God is not a politician. All are welcome at the Altar no matter who they support for President of the United States. May I remind us that the Body and Blood of Christ does not belong to us. This is a gift from God. Stop acting like babies and grow up.

Dr. William A Flint, MDiv, PhD

I know thousands of Episcopalians that are on the verge of leaving the TEC and it is over politics.

Ann Fontaine

I have heard that all my life in the church. What I know is that when PB Hines started talking politics – that is when I came back to the church.

Jerald Liko

I applaud the bishop’s statement. If there’s anything we’re lacking in TEC today, it’s politics pouring down from the pulpit. Trump supporters will actually be kneeling at Episcopal communion rails all over the country come Sunday morning, believing they’re in a place where the maelstrom of political anger ceases. It’s about time someone set them straight.
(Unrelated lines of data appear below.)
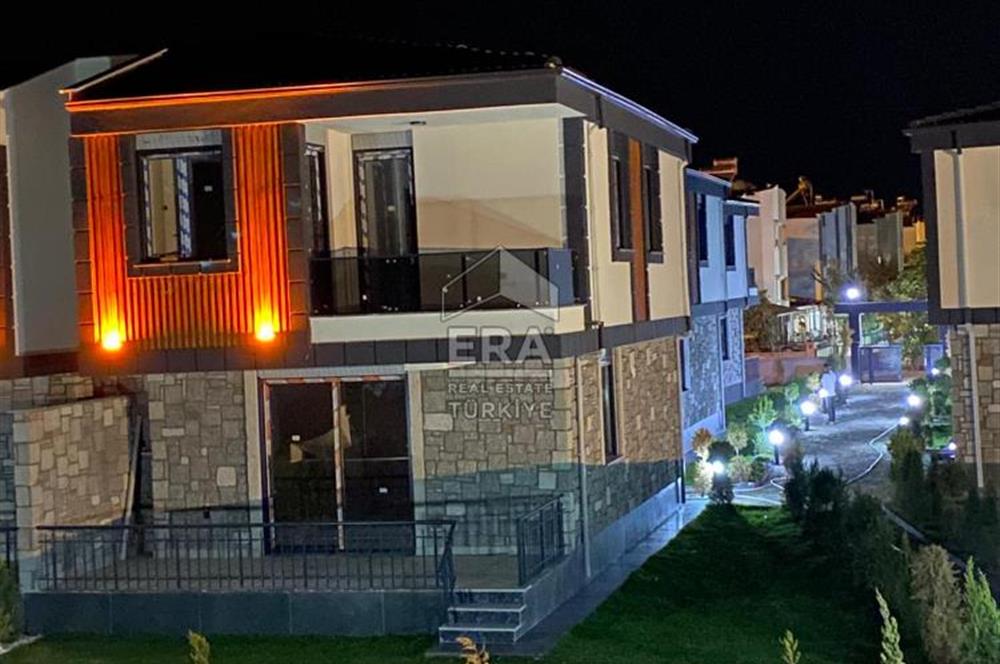 ERA ANGEL'dan Ayvalık Altınovada Deniz 300 mt.3+1 Satılık Villa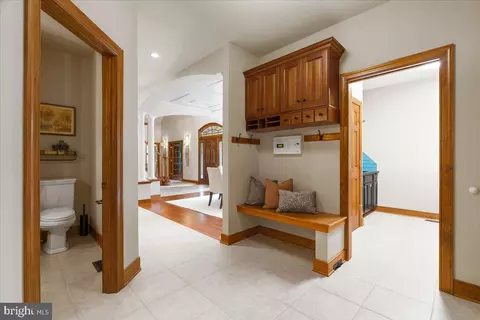 Entry Way - 7355 Kehne Rd, Frederick, MD 21702 photo 5 of 9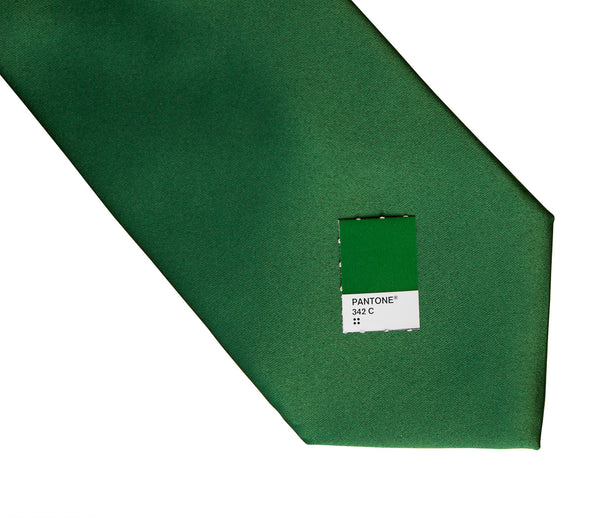 Emerald Green Necktie. Dark Green Solid Color Satin Finish Tie, No Print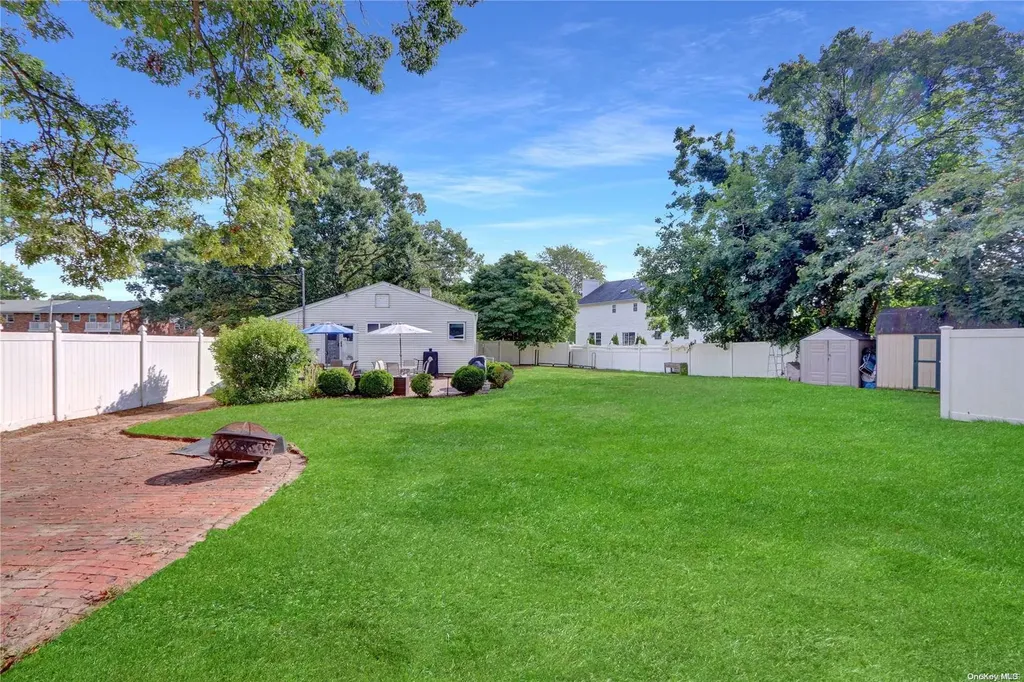 46 Baldwin Path Deer Park NY 11729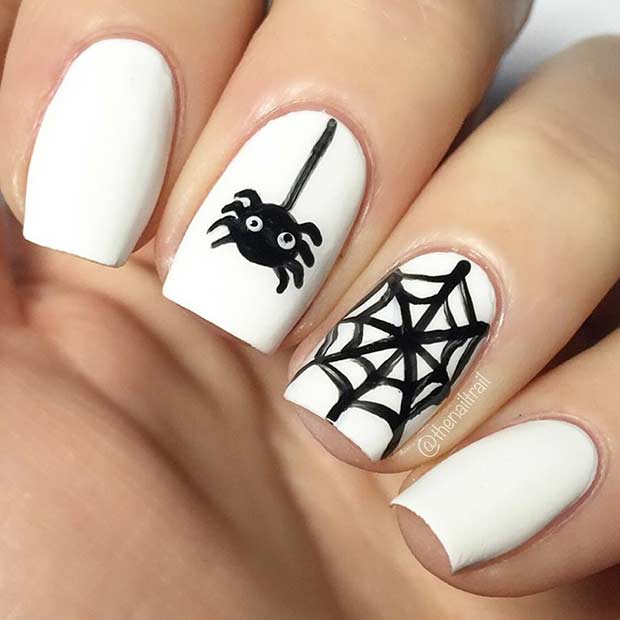 Easy Spider Halloween Nail Idea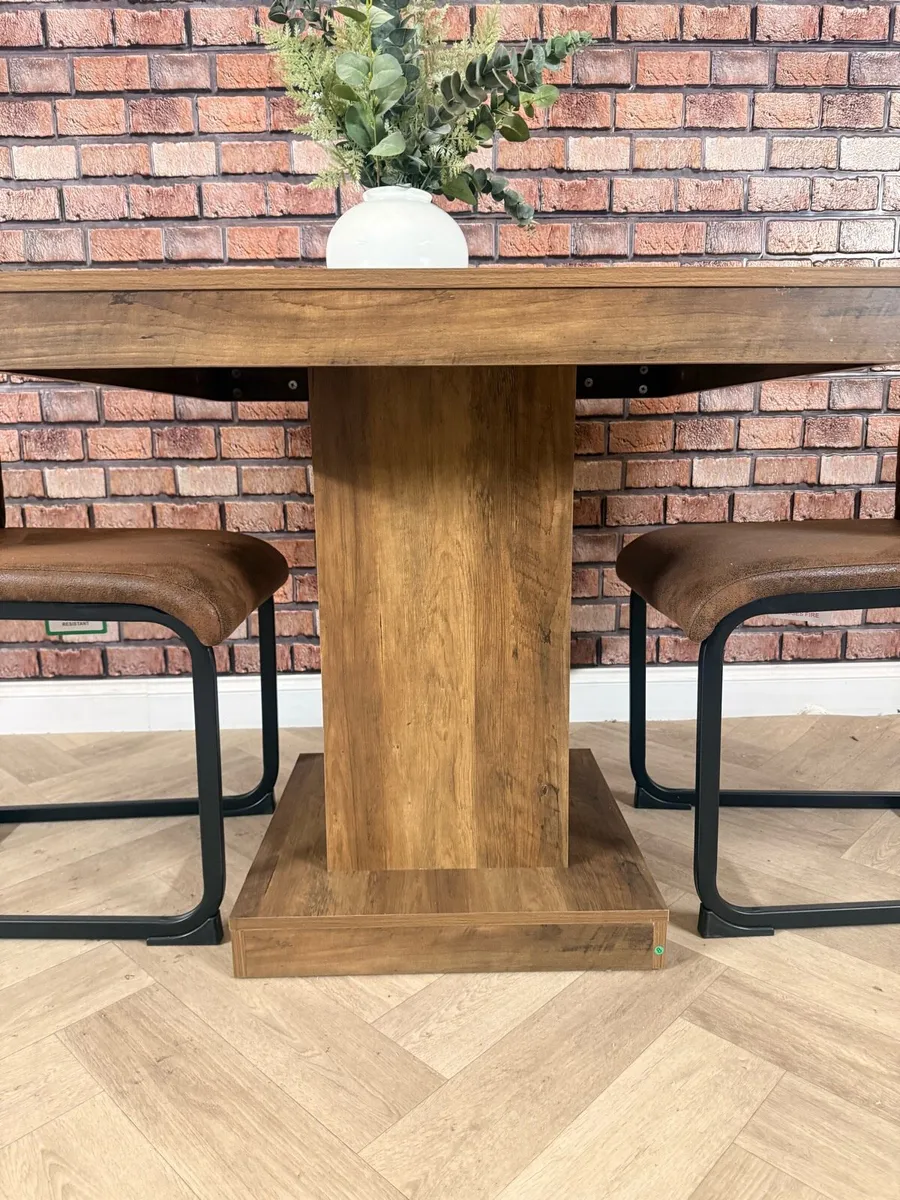 New* Pedestal base dining table with 2 chairs - Image 3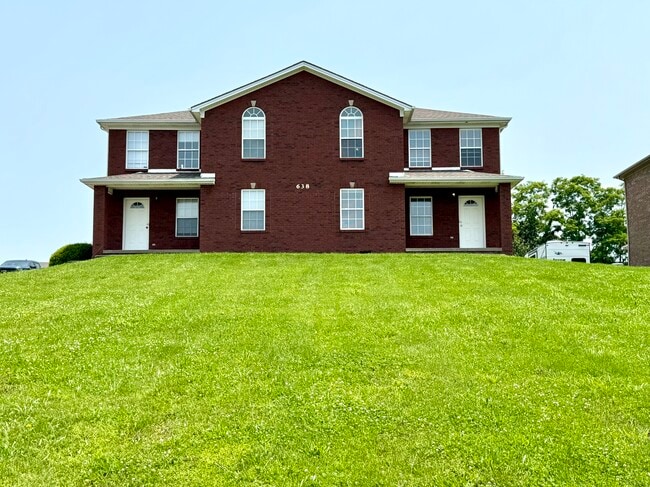 Building Photo - 638 Hampton Way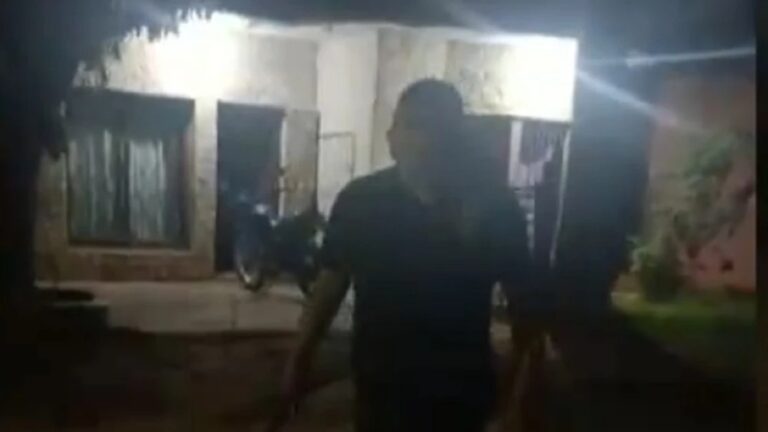 Una denuncia de polución sonora terminó en una pelea entre vecinos. Foto: Captura de video/ Telefuturo.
I am only saddened by the fact that Mr. Trump will win the New York primary, and the bishop’s noble protest will be in vain.

Or just regular vain.

JC Fisher

Hmmm. I believe in preaching the Gospel in a way that should tweak the conscience (including our political conscience) of us all.

However, I’m not sure of either the usefulness or the value of “politics pouring down from the pulpit…the maelstrom of political anger”. In the U.S. today, I believe we need less heat and more light.

Peter Kohler

Where in the Ordination of a Bishop (BCP) does it say that the job description is to “oppose, evil, ignorance and sin?” Where does it say the Bishop’s role is to “protect God’s people?” These are worthy aspirations, but when invoked in a blatant political attack that is inaccurate, partisan and foolish is embarrassing to this life-long Episcopalian, who is no supporter of Donald Trump.

Marshall Scott

From the examination of the bishop-elect (BCP p. 518): “Will you boldly proclaim and interpret the Gospel of Christ, enlightening the minds and stirring up the conscience of your people?….

Will you be merciful to all, show compassion on the poor and strangers, and defend those who have no helper?….”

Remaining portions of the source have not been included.